L'andamento della moneta, unito ad altre cause economiche e politiche, sta cambiando i contorni delle nostre esportazioni. Tanto che c'è chi - come in Italia il presidente di Confagricoltura - afferma che il rafforzamento dell'euro comporti una deliberata "scelta finalizzata allo sviluppo dell'economia e dell'agricoltura americana". A scapito, ovviamente, di quella europea. Se sia vero o meno è difficile dirlo. Intanto, è indubbio che le importazioni di prodotti agroalimentari sono cresciute, e non solo dagli Stati Uniti. Secondo alcuni dati della Cia, negli ultimi mesi gli acquisti di pomodori cinesi sono aumentati del 25%, quelli di formaggi del 12 e quelli di salumi del 15%. Ma i più colpiti sarebbero i nostri prodotti tipici che in questo frangente stanno perdendo, seppur in maniera lieve, quote di mercato in quei paesi in cui la moneta europea si è rivalutata. Intanto, a fine anno l'export agro-alimentare statunitense supererà i 56 miliardi di dollari, non molto al di sotto del tetto storico di 60 miliardi toccato nel 1996. Merito dell'euro forte ma non solo. Sempre Confagricoltura, per esempio, punta il dito su una politica Usa votata ad aiutare con tagli fiscali, aumento della spesa pubblica e svalutazione dei cambi le esportazioni dei farmers. Il risultato? I redditi agricoli Usa sono arrivati a 65 miliardi di dollari: il 33% in più rispetto ad un anno fa. "Grazie alla legislazione agricola in vigore - denuncia ancora Confagricoltura - i 2 milioni di agricoltori americani hanno ricevuto quest'anno pagamenti pubblici nell'ordine di 20 miliardi di dollari".

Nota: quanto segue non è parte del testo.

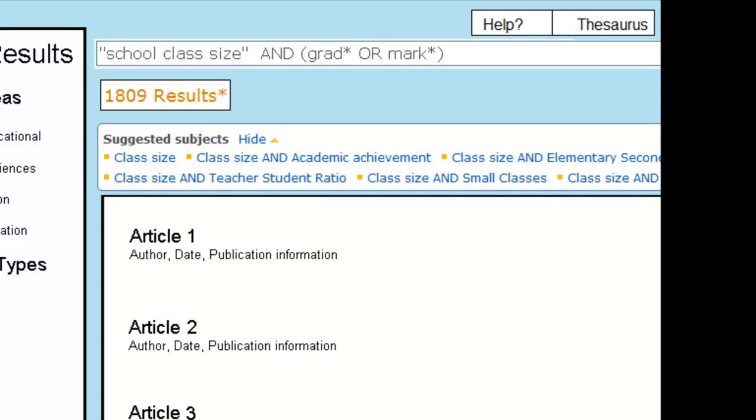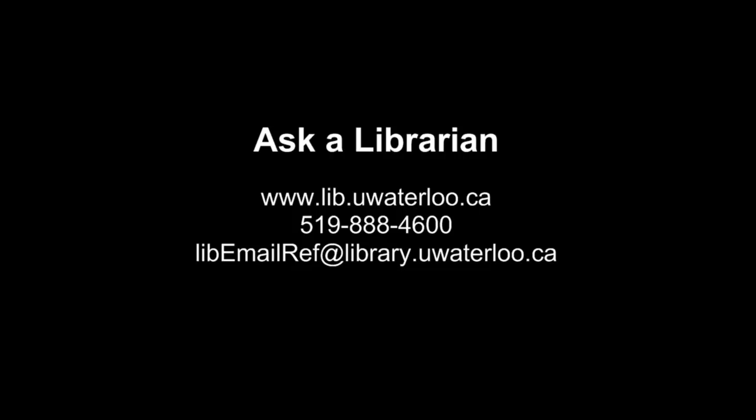Don't forget to check out the help tab in the database you're using to find out about the other features it might have. And if you have any questions about a database or about this video, ask a librarian. We're happy to help.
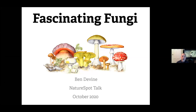Welcome everyone to this session called Fascinating Fungi by Ben Devine, NatureSpot's very own fungus expert. Without further ado, let me hand over to Ben — we're very much looking forward to your talk. Great, thank you very much, Alan, and good evening everyone. Thanks for tuning in for my talk this evening.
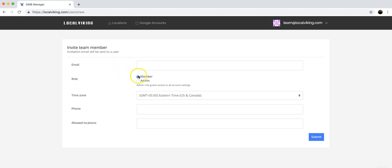You can select member or admin access. Admin access means they're going to be able to access all of your GMBs, all the account settings, etc.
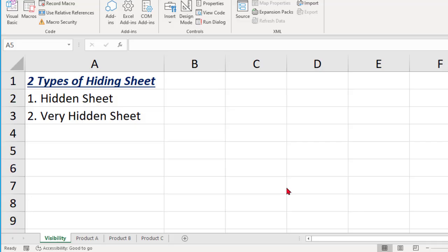Hi friends, my name is Saran Kumar. Welcome to my channel, The Excelism. In this video I'm going to talk about two types of hiding a sheet: the first is the hidden sheet concept, and the second is the very hidden concept.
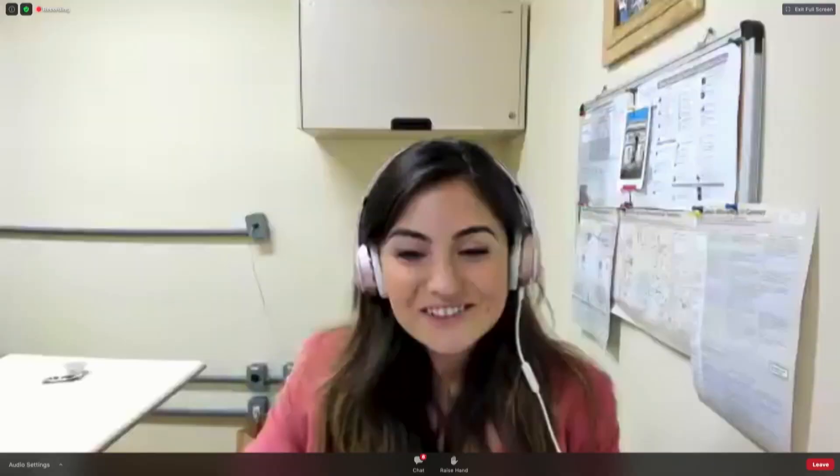Thank you, Mariana. I would encourage others who had questions to please reach out to Mariana directly. We'll have to move on to our next talk. Thank you so much. Thank you. Bye-bye.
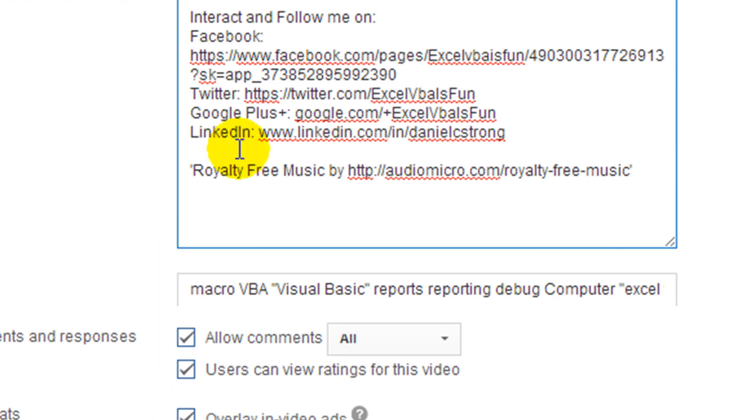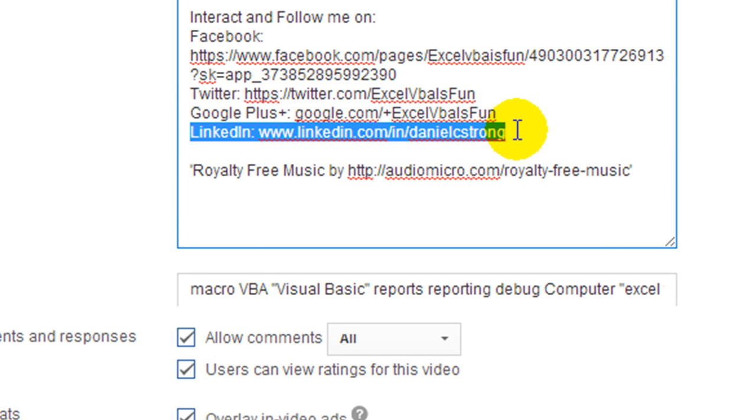Oh, and P.S., I am now on LinkedIn. So if you'll look at the video description, we'll be showing you that link as well. Thanks for watching and God bless.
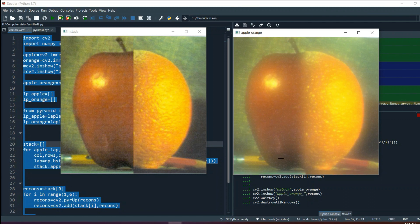This is called image blending. It is not the perfect method, but it is the most commonly used one. There are better methods, and I will definitely bring videos on those — in particular, Poisson's method of image blending. Stay tuned for that video in a few days. That's it for this video, good luck!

Insomma, per l'agricoltura Usa questi sono stati mesi di vacche grasse. Non così, invece, è accaduto per gli agricoltori del Vecchio Continente. Stretti da una politica agricola che ha cambiato rotta e che dovrà fare i conti con i nuovi soci dell'Unione europea, assillati da un clima che non ha concesso tregua, spaventati da una concorrenza internazionale sempre più vicina al cancello della propria azienda, i nostri imprenditori agricoli si trovano davanti all'unica scelta da fare: rendere più competitive le loro imprese. Cosa non facile, non breve e non immune da costi e da sacrifici. Cosa che, d'altra parte, a molti è già riuscita. Ma non a tutti. Il tempo e i costi che ancora dovranno essere sostenuti saranno probabilmente gli elementi che indicheranno i vincitori di questa partita.